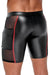 Short avec zip Ormeto Noir-Rouge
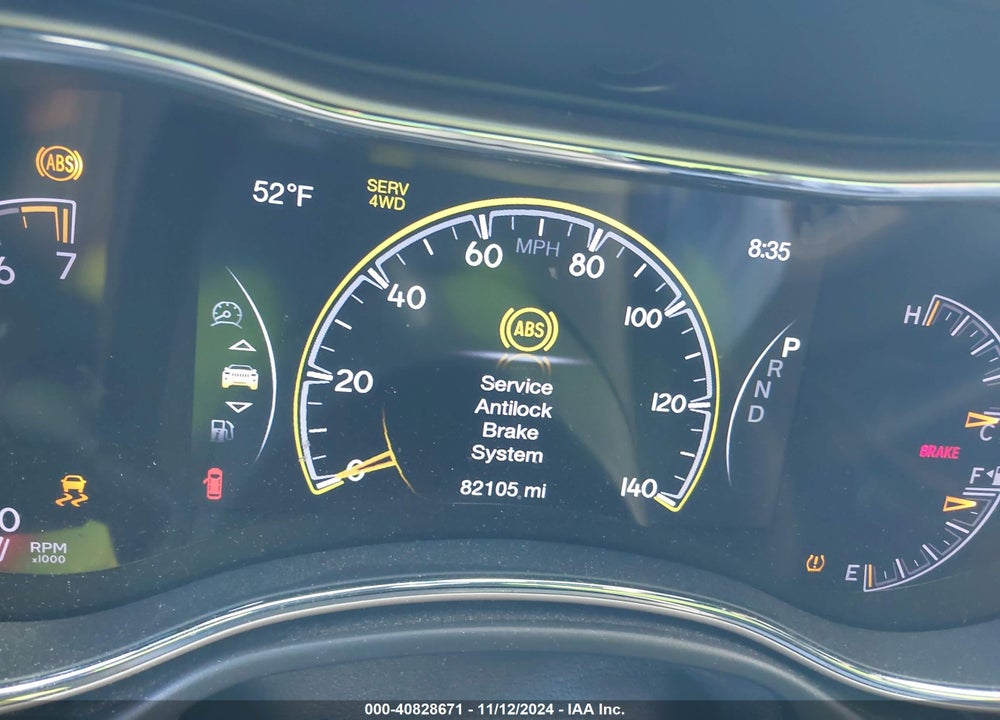 2017 JEEP GRAND CHEROKEE LIMITED 4X4 VIN: 1C4RJFBG8HC942471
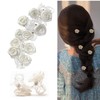 Set of 3 rose hair clips, bridal hair jewellery, ornaments,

#####

### WHAT THIS TASK INVOLVES
The full listing above, duplicated exactly and without its pictures, is the answer.

### FINISHED EXERCISE
 Short avec zip Ormeto Noir-Rouge
 2017 JEEP GRAND CHEROKEE LIMITED 4X4 VIN: 1C4RJFBG8HC942471
 Set of 3 rose hair clips, bridal hair jewellery, ornaments,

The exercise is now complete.